Kafka state store stand by task takes long time when becomes active

Question

We are facing an issue with kafka state store which has a standby replica.

We have two topologies(streams). One without any internal state store and one with an internal state store.

We have problem with the topology which has the state store. So here I am giving info about that topology only:

The active and standby tasks of that stream are running in two seperate kubernetes pods in two nodes.

The active tasks consumes some kafka messages , processes them and write them in the state store. The pod that holds the active task is killed. The stand by task is assigned to the changelog topics. But the consumer is seeking to EARLIEST offset. Since this changelog topic has thousands of messages it takes very long time complete.

I was expecting that the latest offset from the previous active task should be available to the standby (now active) task so that it would not need to pump up all the events.

Please correct me as I ran out of options and dont know where to check furthur.

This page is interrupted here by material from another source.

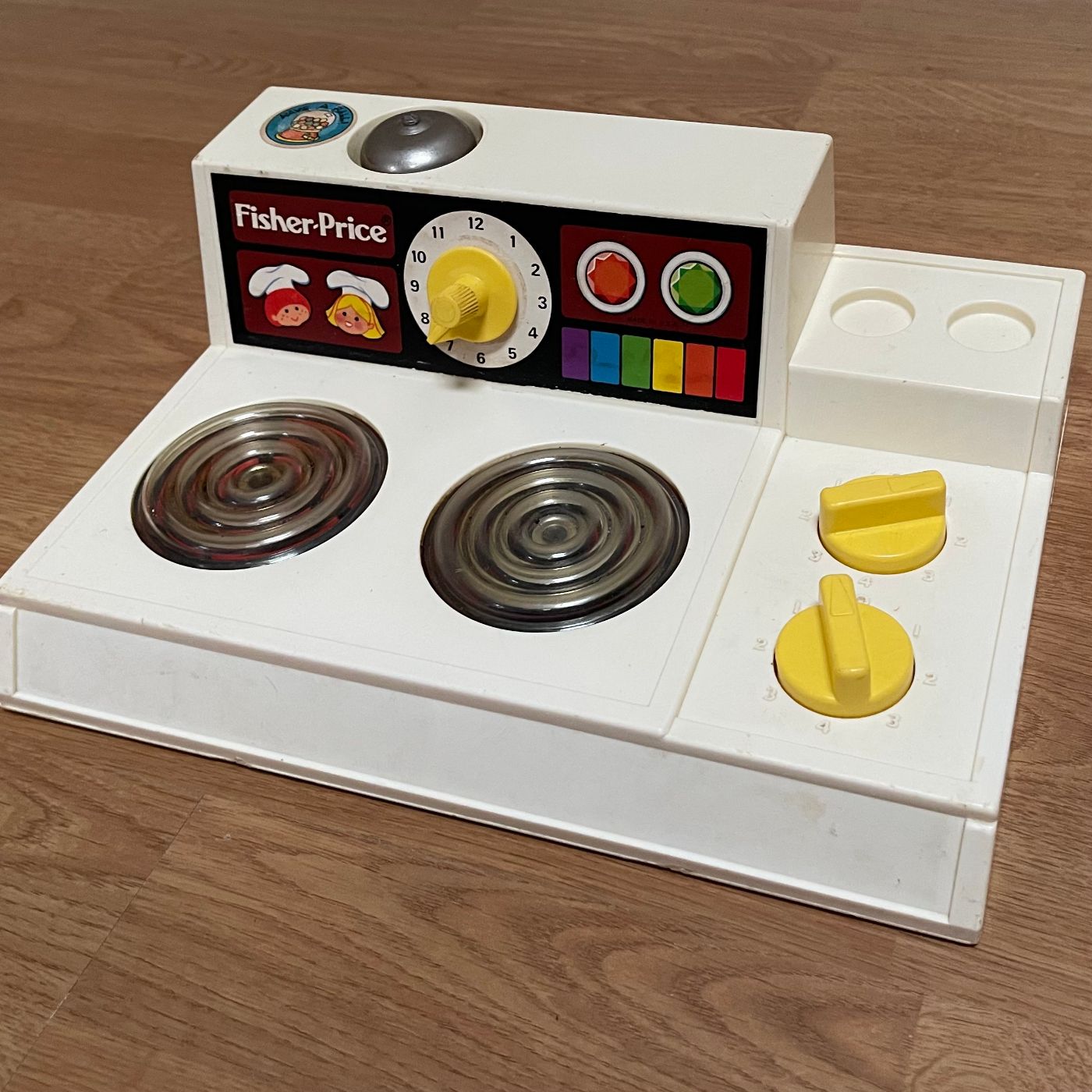 Magic Burner Stove Top #919, by Fisher Price - reJUNKshop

I am using kafka-streams version 2.5.0

Configuration:

These are the configured values for the topology:

    Properties properties = new Properties();
    properties.put(StreamsConfig.APPLICATION_ID_CONFIG, "myService");
    properties.put(StreamsConfig.BOOTSTRAP_SERVERS_CONFIG, bootstrapServer);
    properties.put(StreamsConfig.COMMIT_INTERVAL_MS_CONFIG, ONE_THOUSAND);
    properties.put(StreamsConfig.CACHE_MAX_BYTES_BUFFERING_CONFIG, 10 * 1024 * 1024L);
    
    properties.put(ConsumerConfig.AUTO_OFFSET_RESET_CONFIG, "earliest");
    properties.put(StreamsConfig.PROCESSING_GUARANTEE_CONFIG, "exactly_once");
    properties.put(ConsumerConfig.ISOLATION_LEVEL_CONFIG, "read_committed");
    properties.put(ConsumerConfig.ENABLE_AUTO_COMMIT_CONFIG, false);
    
    properties.put(StreamsConfig.NUM_STANDBY_REPLICAS_CONFIG, 1);
    properties.put(ConsumerConfig.SESSION_TIMEOUT_MS_CONFIG, 6000);
    properties.put(StreamsConfig.NUM_STREAM_THREADS_CONFIG, THREE);

Topology:

 topology.addSource(AGENT_ADMIN_SOURCE, Serdes.String().deserializer(), serde.deserializer(), inboundAdminTopic)
            .addSource(MS_SOURCE_MATCH, Serdes.String().deserializer(), kafkaAvroDeserializer(), inboundMatchTopic)
            .addProcessor(MsProcessor.PROCESSOR_NAME, 
                    () -> new MsProcessor(msActionManager(), stateStoreDAO()), 
                    AGENT_ADMIN_SOURCE, MS_SOURCE_MATCH)
            .addStateStore(agentAdminStateStore(), MsProcessor.PROCESSOR_NAME)   //agent-state-store
            .addStateStore(resourceMatchingStateStore(), MsProcessor.PROCESSOR_NAME)   //service-matches-state-store
            .addSink(...)
            .addSink(...);

//when the service installed this pod gets the stand by task

{"@timestamp":"2020-08-31T10:50:17.253+00:00","@version":"1","message":"stream-thread [myService-418e5529-d591-46b3-b1f4-1da74e3926f4-StreamThread-1] partition assignment took 10 ms.\n\tcurrently assigned active tasks: []\n\tcurrently assigned standby tasks: [0_0]\n\trevoked active tasks: []\n\trevoked standby tasks: []\n","logger_name":"org.apache.kafka.streams.processor.internals.StreamThread","thread_name":"myService-418e5529-d591-46b3-b1f4-1da74e3926f4-StreamThread-1","level":"INFO","level_value":20000}

The other pod is killed. The stand by task is expected to read from the latest offset in the change log topic. But it goes to earliest.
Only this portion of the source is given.